Tabou (Gohatto) de Nagisa Oshima - 1999
Vu le contexte de son scénario (une histoire trouble d'homosexualité au sein d'une milice dans l'ancien Kyoto), ce film est assez étonnant de par sa grande modernité. Oshima ne tombe jamais, ou presque, dans le piège de la jolie reconstitution à la Zang Yimou, et livre une oeuvre très contemporaine, aussi bien dans son esthétique que dans sa construction. Ses décors de studio, sa lumière artificielle de toute splendeur, le jeu hyper-distancé des acteurs (avec notamment un Kitano qui ne fait absolument rien, et c'est le meilleur acteur pour ça), sa musique épurée constituée en gros de 3 notes de piano qui se répète comme des coups de gongs chez d'autres, tout ça participe à une étrangeté et à une esthétique qui prouvent bien qu'Oshima n'a pas raté le train du cinéma contemporain, et qu'il a bien dû voir quelques films récents. C'est tout à son honneur, n'ayant plus grand-chose à prouver : il aurait pu se reposer tranquillement sur ses lauriers de grand cinéaste, sans prendre le risque de ce Tabou sensible et personnel.

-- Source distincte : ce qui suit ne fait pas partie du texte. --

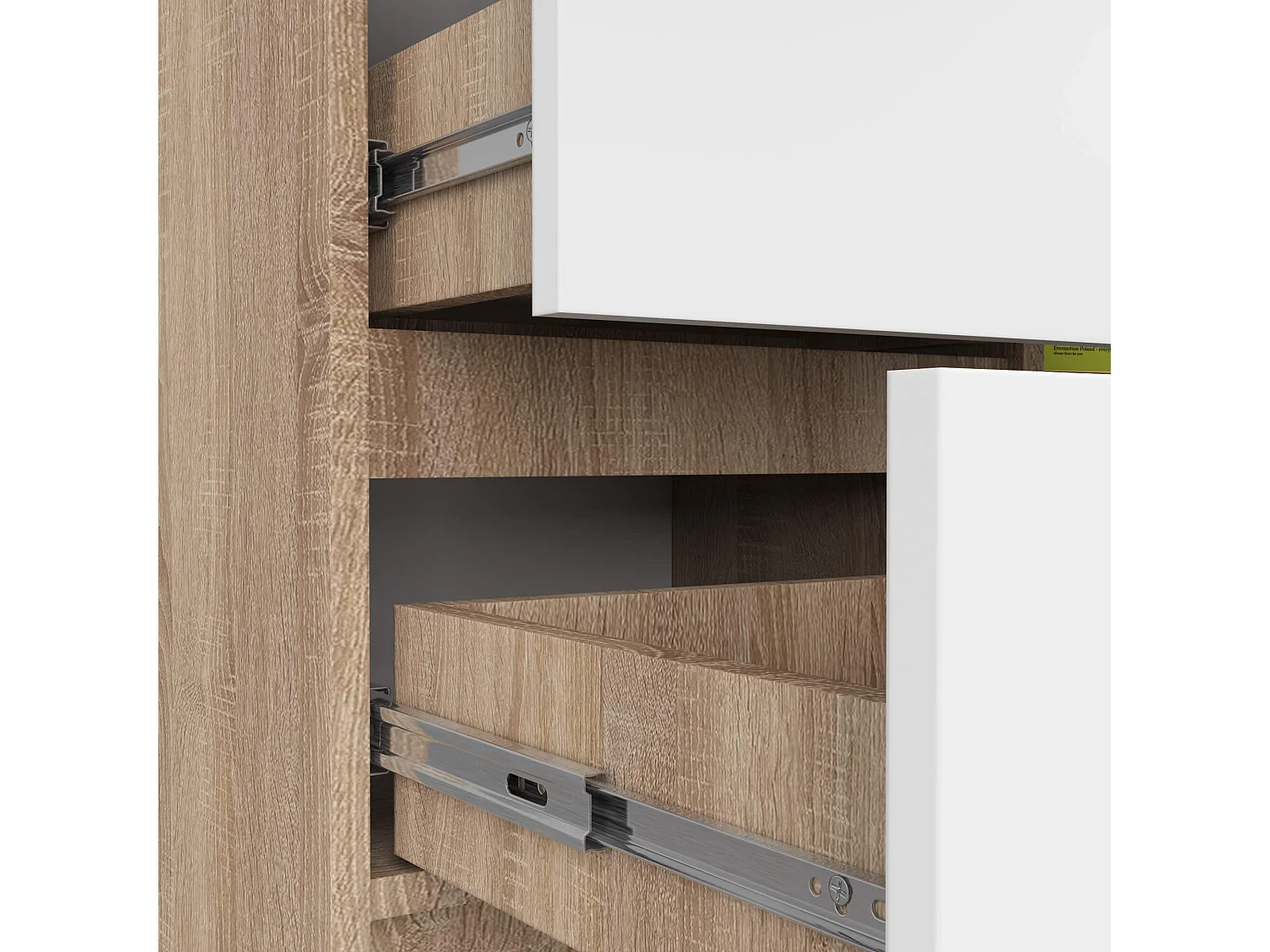 Cómoda AKORD JERRY Roble Sonoma 80 cm 1 puerta 3 cajones frente en color Blanco 2 estantes 80x35x77 cm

Le titre est d'ailleurs assez mal trouvé. On cherchera en vain le souffre habituel du gars, et même si son sujet est délicat, il l'aborde frontalement et sans crânerie : l'homosexualité y est traitée comme allant de soi, et si on cherche à éliminer les homos du film, c'est plus par souci de cohésion ou de jalousie que par réelle répulsion. Pas dengagement là-dedans, en tout cas au niveau de la trame, et pas d'images choc non plus. Oshima raconte pourtant son histoire avec une rapidité étonnante, scènes très courtes, ellipses amenées par des cartons de textes lapidaires, 3 lignes de dialogue et on passe à autre chose. C'est sûrement ça qui fonctionne le mieux : cette rapidité d'exécution, le gars ne s'embarrassant pas de longues explications psychologiques pour justifier les actes. On dirait pratiquement du Brecht, si je puis dire : même vitesse, même tranquillité dans l'exécution, même tenue. Du coup, son film est assez passionnant, alors que l'histoire, finalement, ne l'est guère. Et puis il y a cette esthétique générale, traditionnelle en même temps que pompée sur le cinéma américain, faisant penser autant aux anciens contes japonais qu'à Singing In the Rain, qui donne un cachet magnifique au film, surtout dans les dernières scènes, sublimes : un bleu qui irradie l'écran uniquement percé parfois de blanc (les cerisiers) ou de rouge (le sang). Jamais pourtant on ne tombe dans le bôôôô cinéma de papa, l'artificialité étant justifiée par la théâtralité de l'ensemble. Oshima a livré son film le plus ancré dans la tradition en même temps que le plus moderne.